A produção do mural levou dez dias, foi realizada pela Parede Viva e contou com a assistência de mais quatro artistas: Everaldo Costa, Carolina Afolego, André Hulk e André Firmiano. O prédio fica localizado na rua Quintino Bocaiúva e a imagem pode ser vista da praça Dr. João Mendes, no centro de São Paulo.
Utilizando a arte para marcar seu posicionamento social, ambiental e político, o paulistano Mundano há mais de 15 anos exerce efetivamente o artivismo como ferramenta de transformação social.

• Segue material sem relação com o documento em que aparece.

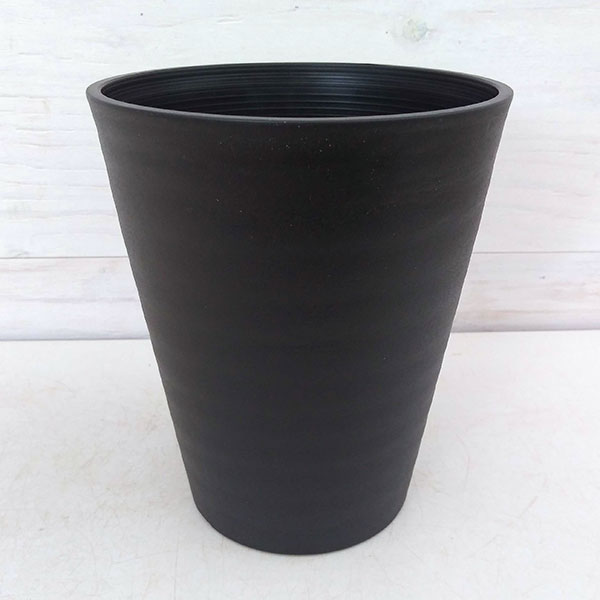 園芸ネット本店｜セラアート長鉢5号（黒） 10個セット の通販【公式】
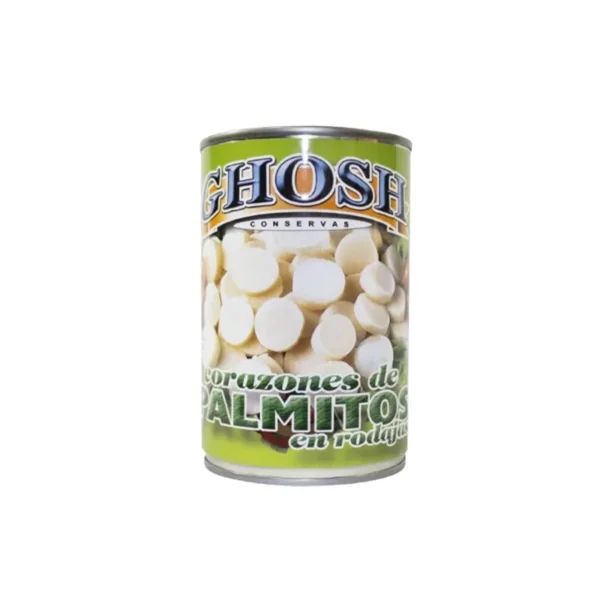 PALMITO RODAJA GHOSH 400G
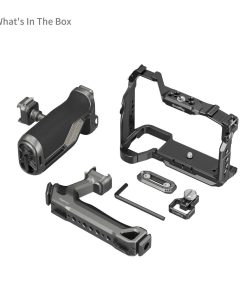 Khung Smallrig 6028 Hawklock Cho Sony Alpha 7 V 7r V 7 Iv Advanced 03 Hlstudio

Defensor de causas ambientais e dos direitos humanos universais, fundou, em 2012, a ONG Pimp My Carroça, e o aplicativo Cataki, ambos voltados para a conexão entre geradores de resíduos e os catadores de material reciclável. O resultado do seu trabalho abriu portas para replicar essas ações artivistas mundo afora – mais de 20 países visitados realizando murais, exposições, graffiti, palestras, parcerias e integrando programas globais como o TED Fellows.
Nos últimos anos, vem desenvolvendo uma intensa pesquisa de materiais, coletando resíduos dos maiores crimes ambientais da história do país, criando, assim, seus próprios insumos a partir desses dejetos: lama tóxica, cinzas das queimadas das florestas e óleo derramado nas praias do nordeste. Esses resíduos se transformam em obras de denúncia, seja por meio do graffiti, em esculturas, telas ou nas empenas de prédios. Sua última obra, com mais de 1.000m2, homenageia os brigadistas das florestas que apagam os incêndios criminosos — em uma releitura da obra “O Lavrador de Café” de Cândido Portinari, Mundano usa cinzas das queimadas de 4 biomas brasileiros: Floresta Amazônica, Mata Atlântica, Cerrado e Pantanal para criar essa gigantesca pintura como um símbolo contra o desmatamento ilegal.